The SIMILARITY Procedure

TARGET Statement

  • TARGET variable-list < / options> ;

The TARGET statement lists the numeric target variables in the DATA= data set whose values are to be accumulated to form the time series or represent ordered numeric sequences (when no ID statement is specified).

An input data set variable can be specified in only one INPUT or TARGET statement. Any number of TARGET statements can be used. The following options can be used with a TARGET statement:

ACCUMULATE=option

specifies how the data set observations are accumulated within each time period for the variables listed in the TARGET statement. If the ACCUMULATE= option is not specified in the TARGET statement, accumulation is determined by the ACCUMULATE= option in the ID statement. If the ACCUMULATE= option is not specified in the ID statement or the TARGET statement, no accumulation is performed. See the ID statement ACCUMULATE= option for more details.
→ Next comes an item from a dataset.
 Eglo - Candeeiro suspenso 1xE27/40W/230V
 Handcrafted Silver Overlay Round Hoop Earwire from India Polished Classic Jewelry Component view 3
COMPRESS=option | (options)

specifies the sliding sequence (global) and warping (local) compression range of the target sequence with respect to the input sequence. Compression of the target sequence is the same as expansion of the input sequence and vice versa. The compression limits are defined based on the length of the target sequence and are imposed on the target sequence. The following compression options are provided:

GLOBALABS=integer

specifies the absolute global compression, where integer ranges from zero to 10,000. GLOBALABS=0 implies no global compression, which is the default unless the GLOBALPCT= option is specified.

GLOBALPCT=number

specifies global compression as a percentage of the length of the target sequence, where number ranges from zero to 100. GLOBALPCT=0 implies no global compression, which is the default. GLOBALPCT=100 implies maximum allowable compression.

LOCALABS=integer

specifies the absolute local compression, where integer ranges from zero to 10,000. The default is maximum allowable absolute local compression unless the LOCALPCT= option is specified.

LOCALPCT=number

specifies local compression as a percentage of the length of the target sequence, where number ranges from zero to 100. The percentage specified by the LOCALPCT= option must be less than the GLOBALPCT= option. LOCALPCT=0 implies no local compression. LOCALPCT=100 implies maximum allowable local compression. The default is LOCALPCT=100.

If the SLIDE=NONE or the SLIDE=SEASON option is specified in the TARGET statement, the global compression options are ignored. To disallow local compression, use the option COMPRESS=(LOCALPCT=0 LOCALABS=0).

If the SLIDE=INDEX option is specified, the global compression options are not ignored. To completely disallow both global and local compression, use the option COMPRESS=(GLOBALPCT=0 LOCALPCT=0) or COMPRESS=(GLOBALABS=0 LOCALABS=0). To allow only local compression, use the option COMPRESS=(GLOBALPCT=0 GLOBALABS=0). These are the default compression options.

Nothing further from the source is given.